Design Tips

Design Tips

A-B Emblem has been designing and manufacturing high quality Custom Emblems since 1941. From NASA to Boy Scouts, A-B Emblem guarantees customer satisfaction with every purchase. Our experienced Designers can help you create the perfect Custom Emblem at a competitive price. To make sure you get the best Custom Embroidered Emblem here are some design tips to get you started!

Bold is better

Bold letters and design elements are more visible and look better embroidered.

Strong Color Contrast is Ideal

Strong color contrast is better than light on light or dark on dark colors. If visibility is an issue with your intricate design please consider this. There is one exception – black on white, or white on black sometimes results in poor quality embroidery coverage.

Lettering – Minimum Size ⅛″

Lettering smaller than ⅛″ of an inch compromises the legibility of the lettering. If upper and lower case lettering is used the minimum size is based on the lower case letters.

Open Block Lettering is More Legible

Narrow and condensed type styles do not embroider well. Tall and skinny font styles are should be avoided as well. Squat and bold (not extra bold) are preferable. Other type styles that embroider well are, simple script, bold font styles with serif’s, free hand styles, and other styles that conform to this concept. If you want to use a stylized font then make sure you have designed the lettering large enough so the small details (like the inside of a lower case “a”) do not risk “closing up”.

Blank Spaces are Boring!

Effective use of space is important. Enlarging graphic elements, extending or enlarging text, and introducing other graphic elements are ways to better use blank space.

Choose a Complimenting Border

The Classic

For the most classic patch look—use an overlock. Most simple patch shapes (circles, ovals, rectangles, triangles, rhomboid, trapezoidal, egg shapes, pill shapes, tombstone shapes, and simple shields) can have our classic Merrow® ravel-proof overlocked border applied to the edge after the patch is die cut. An overlocked edge is ⅛ inch thick. For the best results keep your embroidered detail at least ¹⁄₁₆ of an inch away from the Overlock.

The Contour Seal

Any patch can have a border that is embroidered with the design, not added later like a sewn Overlock. A Contour Sealed patch on a garment has a lower edge profile, and many times is used as an alternative to Direct Embroidery (embroidering the garment directly). The minimum Contour Seal can be as small as ¹⁄₁₆ inch along the outer edge of the patch. For success try to leave ¹⁄₁₆″ of space between concentric elements or lettering running parallel to the border.

Specialty Borders

Ideas: Laser Contour leaves a small margin of non-embroidered material around the entire patch. A Handcut or Diecut border with a Raw Edge provides a vintage look. Variegated Overlocks, which give you a rainbow of colors. Glow in Dark Overlock. While planning your design remember background fills, landscapes, bars, clouds, etc. can extend to the border.

Beware Thin Black Lines!

Does your design have a lot of black lines separating elements? Are they necessary to the graphic? If they can be reduced or removed the finished product will look better.
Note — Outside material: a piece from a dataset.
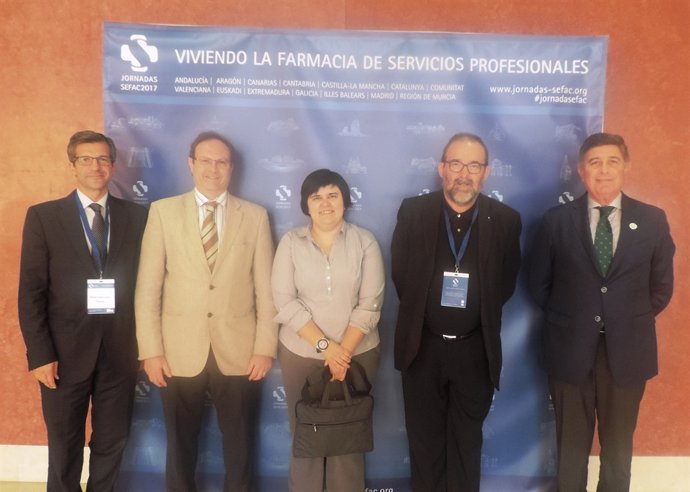 Jornada científico-profesional organizada por la Sefac en Sevilla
Capture lines (thin black lines defining graphic details) are difficult to register when embroidering. Capture lines have to be embroidered in Stepstitch – a series of short straight stitches going from one needle entry point to another resulting in a line that is not the straightest or the smoothest looking.

A good idea is to think about Paint-by-Number paintings. The original design has no color, it only has shapes contained by Capture Lines. When it’s painted the Capture Lines are gone and all that’s left are the colors. Patch Design works well if you keep this in mind.

When Capture Lines are essential to the graphic, as is usual in cartoon graphics, consideration should be given to thickening the capture lines to the point where they can be accomplished in Stiehl Stitch (an embroidered border style stitch). A Stiehl Stitch is a reciprocal stitch (back and forth) that binds the edge of a graphic element in a smooth and continuous manner. The thickness of a Stiehl Stitch can be varied for added emphasis and effect.

Embroidery Friendly Element Positioning

The placement of your design elements and fonts matters a lot! In the embroidery process the needle must travel from one element to another. Having elements touching or very close allows them to be connected. Having elements that are spaced apart does not allow them to be connected. For example if your design has a star field: if the stars are spaced too far apart the embroidery machine must stop, trim, move slowly to the next position, and resume stitching. This process increases the chance of embroidery defects.